Here are definitions of terms included in the above passage:
- “North Carolina nexus. A business has a North Carolina nexus if it is headquartered or domiciled in this State; has a demonstrable and significant portion of its affiliated operations or contractual service operations in this State; or deploys a demonstrable and significant amount of investable capital to acquire, license, or otherwise commercialize intellectual property developed in this State, including through public or private university technology transfer programs.
- “Small business. A small business is a business whose annual receipts, combined with the annual receipts of all related persons, for the applicable period of measurement did not exceed five million dollars ($5,000,000).”
Where can the funds be invested?
- “No more than thirty‑three percent (33%) of such assets may be allocated to business ventures located in urban regions in the State, including the counties of Wake, Durham, Mecklenburg, and Orange.”
There’s help for veterans:
- “At least twenty percent (20%) of such assets shall be invested in business ventures started and owned, in at least majority part, by a veteran of any branch of the Armed Forces of the United States (i) whose character of service at separation was honorable or under honorable conditions and (ii) who has not been convicted of a felony offense or who has been convicted of one or more felonies but each conviction has been expunged.”
And investments will be limited to $20 million a year.

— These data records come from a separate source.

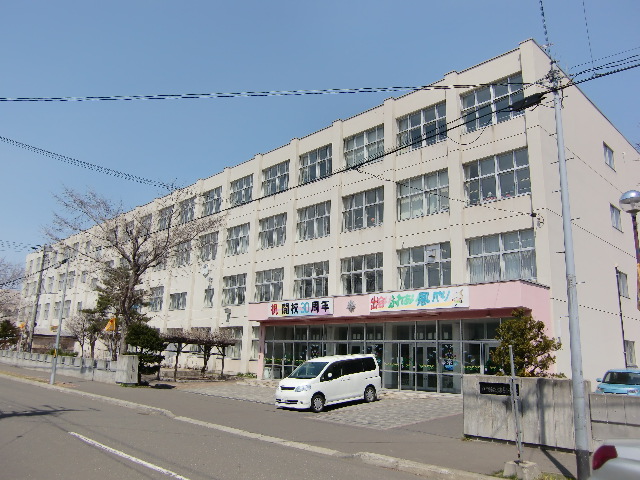 Primary school. 435m to Sapporo Municipal Kaisei elementary school (elementary school)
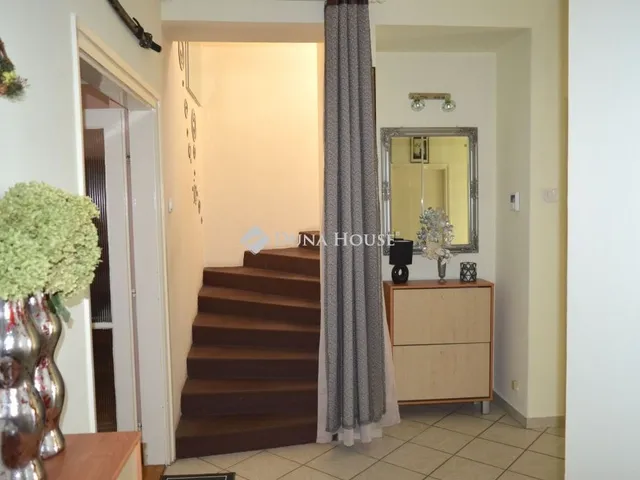 Eladó ház Debrecen, Homokkert 270 nm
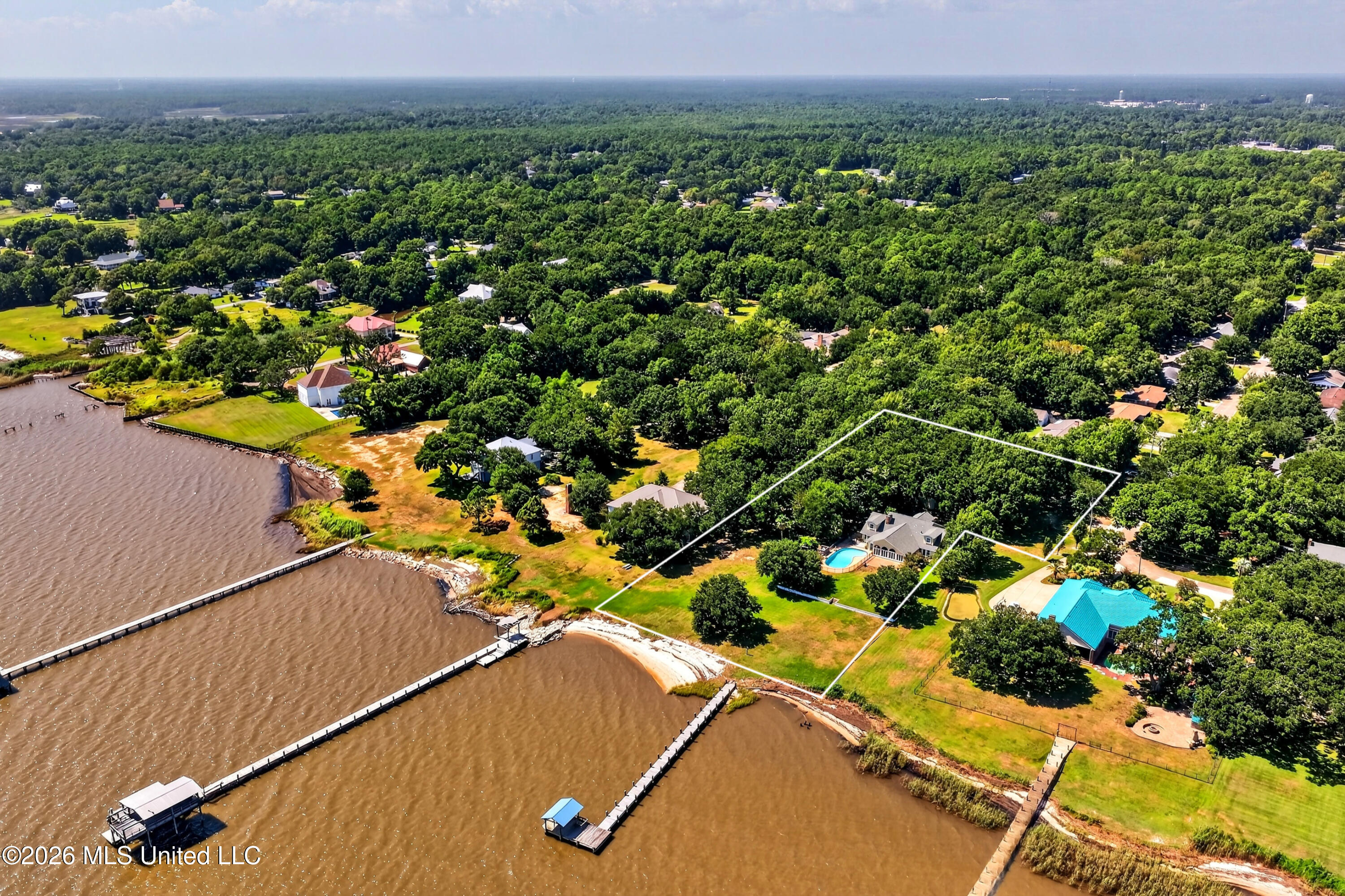 1401 Seacliffe Drive Property Photo 93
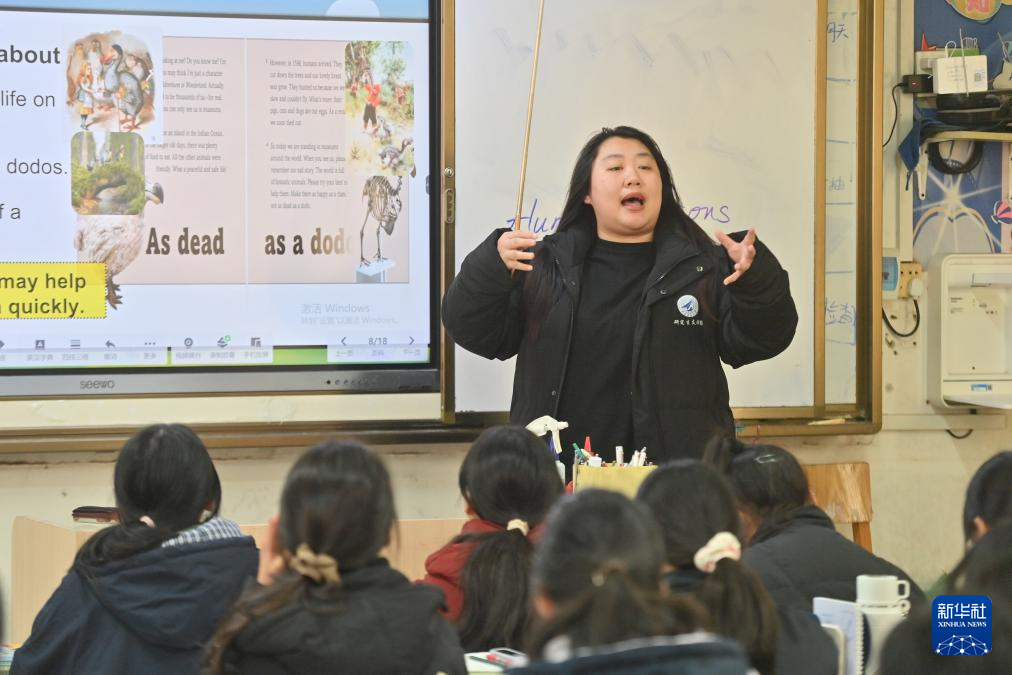 西工大研究生持续支教大苗山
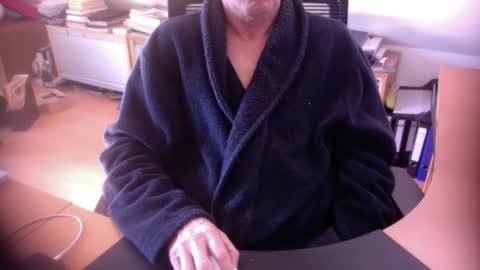 Amor2200 online show from 22, 3, 2026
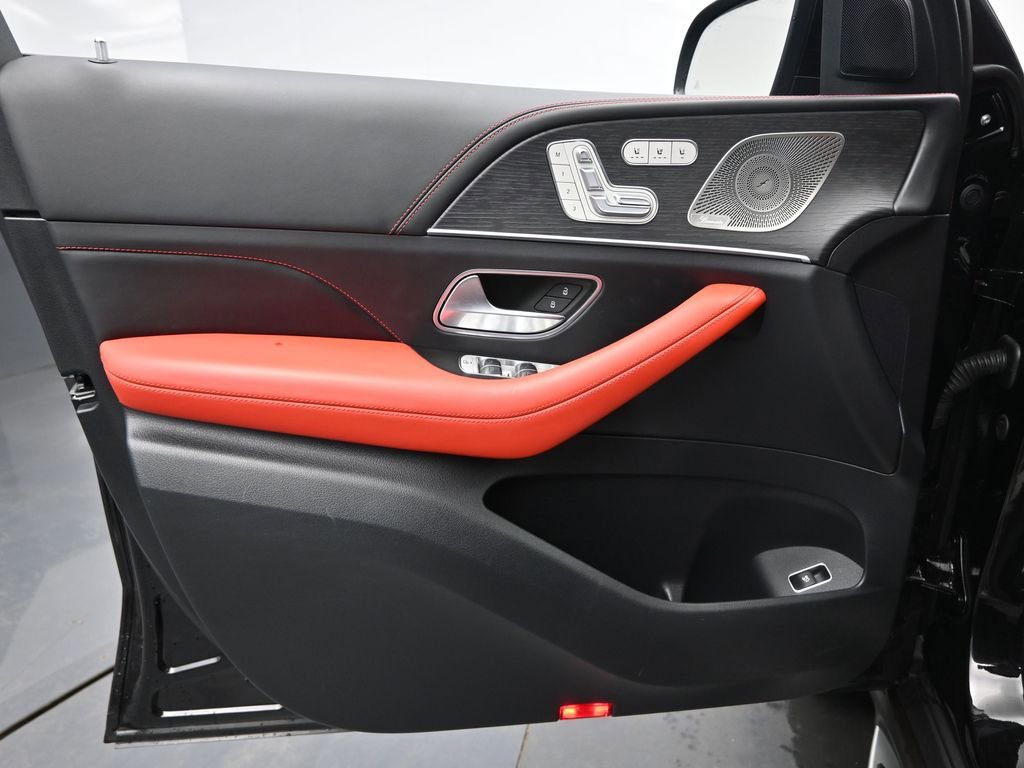 Used 2025 Mercedes-Benz GLE 63 AMG S image 22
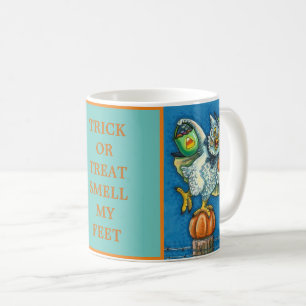 CANECA DE CAFÉ TRICK OU TREAT, CHEIRA MEU PÉ DE METADE, ENGRAÇADO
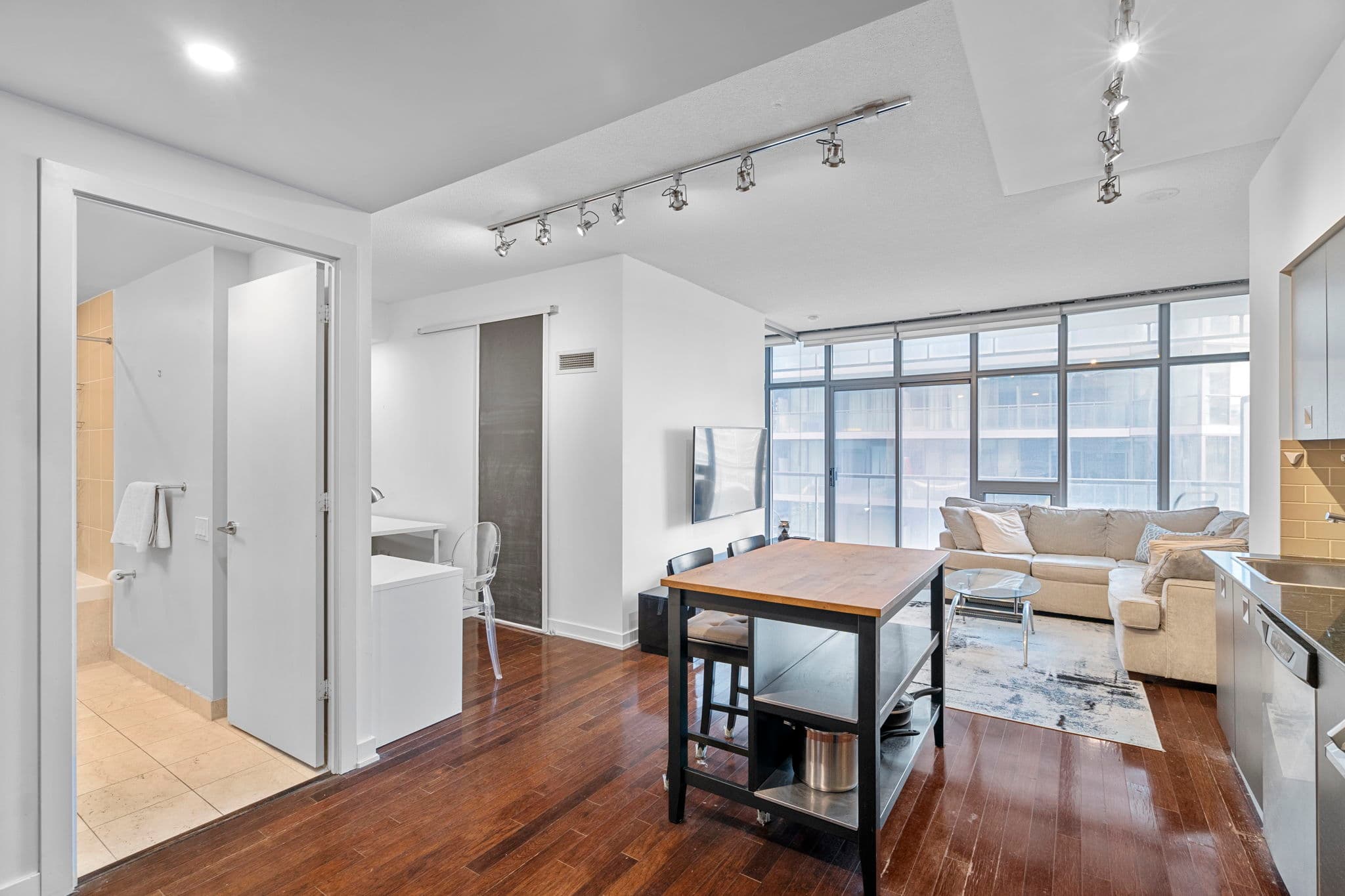 33 Charles St W Unit 1101 Toronto, ON M4Y 1R4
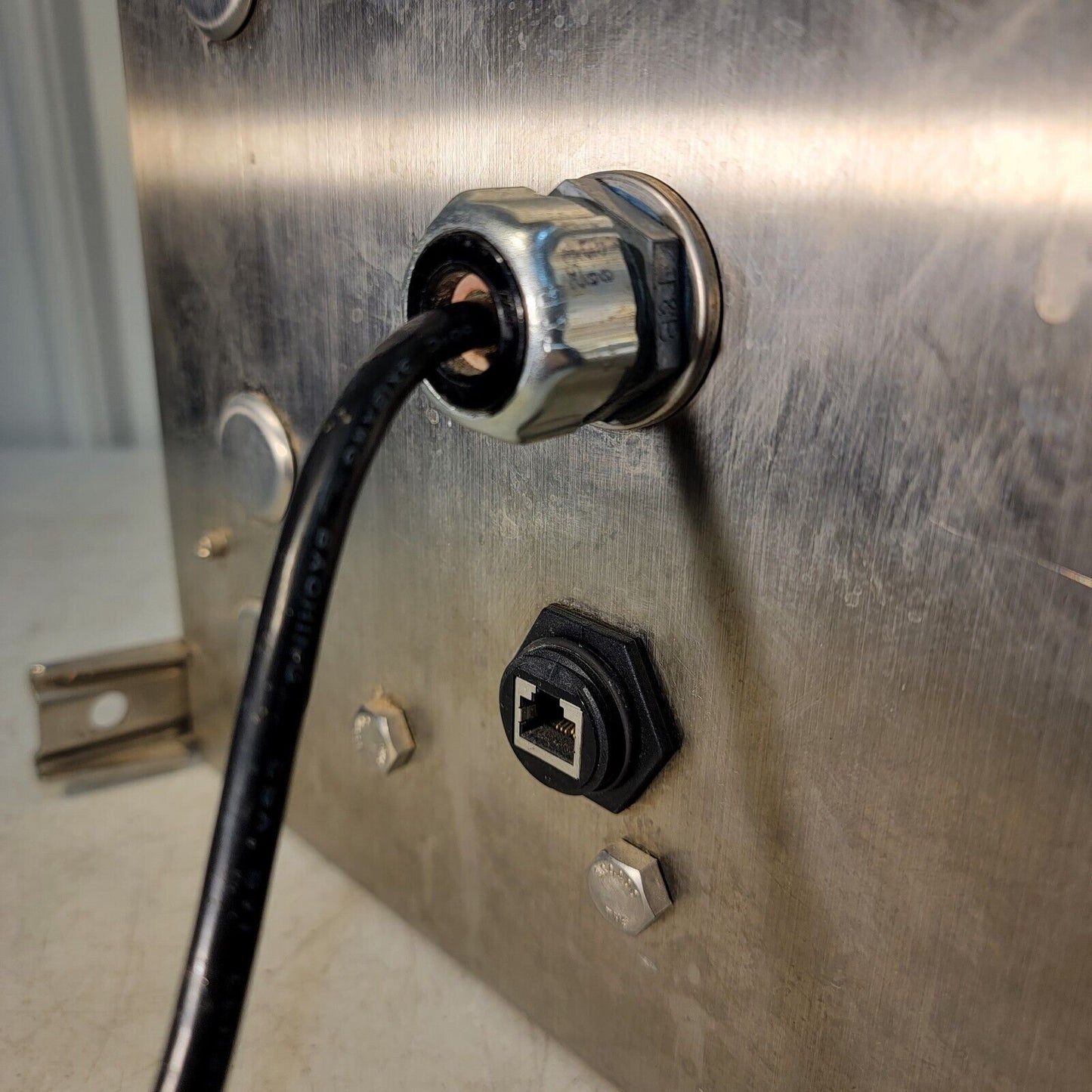 Metrohm Foss XP-2400 XDS NIRS NIR Process Analyzer 60061170 w/ Manual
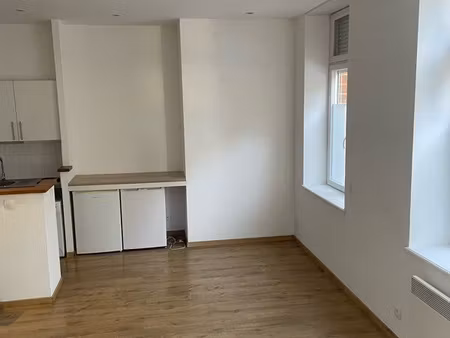 lille – vauban / cormontaigne – appartement t2 avec parking – 175 000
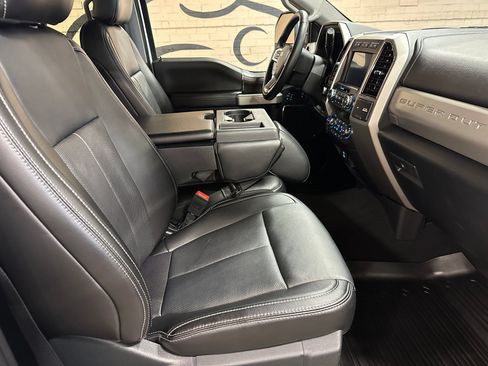 Used 2021 Ford F350 Lariat w/ Lariat Ultimate Package AWD/4WD image 25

- “The maximum amount for total annual investments, excluding rollover investments, made in any single calendar year is twenty million dollars ($20,000,000). No investment may be made that, when considered together with other investments made during a single calendar year, excluding rollover investments, could cause the State’s total annual investments during a single calendar year to exceed twenty million dollars ($20,000,000). A rollover investment equals the difference between the maximum allowed investment amount for a single calendar year and the amount actually invested for such year.”
Inside the bill
Here are some other key points:
- “It shall be the duty of the State Treasurer to invest the cash of the funds enumerated in subsection (a) of this section in excess of the amount required to meet the current needs and demands on such funds. The State Treasurer may invest the funds as provided in this subsection. If an investment was authorized by this subsection at the time the investment was made or contractually committed to be made, then that investment shall continue to be authorized by this subsection, and none of the percentage or other limitation on investments set forth in this subsection shall be construed to require the State Treasurer to subsequently dispose of the investment or fail to honor any contractual commitments as a result of changes in market values, ratings, or other investment qualifications. For purposes of computing market values on which percentage limitations on investments in this subsection are based, all investments shall be valued as of the last date of the most recent fiscal quarter.”
- “The State Treasurer shall engage a third‑party professional actuary or consultant to conduct a valuation and projection of the financial status of the Escheat Fund. The associated costs for the services may be directly charged to the Escheat Fund. …
- With respect to assets of the Escheat Fund, in addition to those investments otherwise authorized by this subdivision, up to one hundred million dollars ($100,000,000) of such assets may be invested as authorized under G.S. 147‑69.2B.”
Who runs the fund?
“The State Treasurer shall assign professional and clerical staff to assist in the oversight of the Fund. All costs for the third‑party investment management firm and the professional and clerical staff shall be borne by the Fund …
Who makes the investments?
- “[F]following a public procurement process, a designee of the Governor, a designee of the State Treasurer, a designee of the Speaker of the House of Representatives, and a designee of the President Pro Tempore of the Senate shall jointly and unanimously select a third‑party professional investment management firm, registered with the U.S. Securities and Exchange Commission, to administer the Fund and select investment opportunities appropriate for receiving allocations from the Fund on the basis of potential return on investment and the risks attendant thereto.”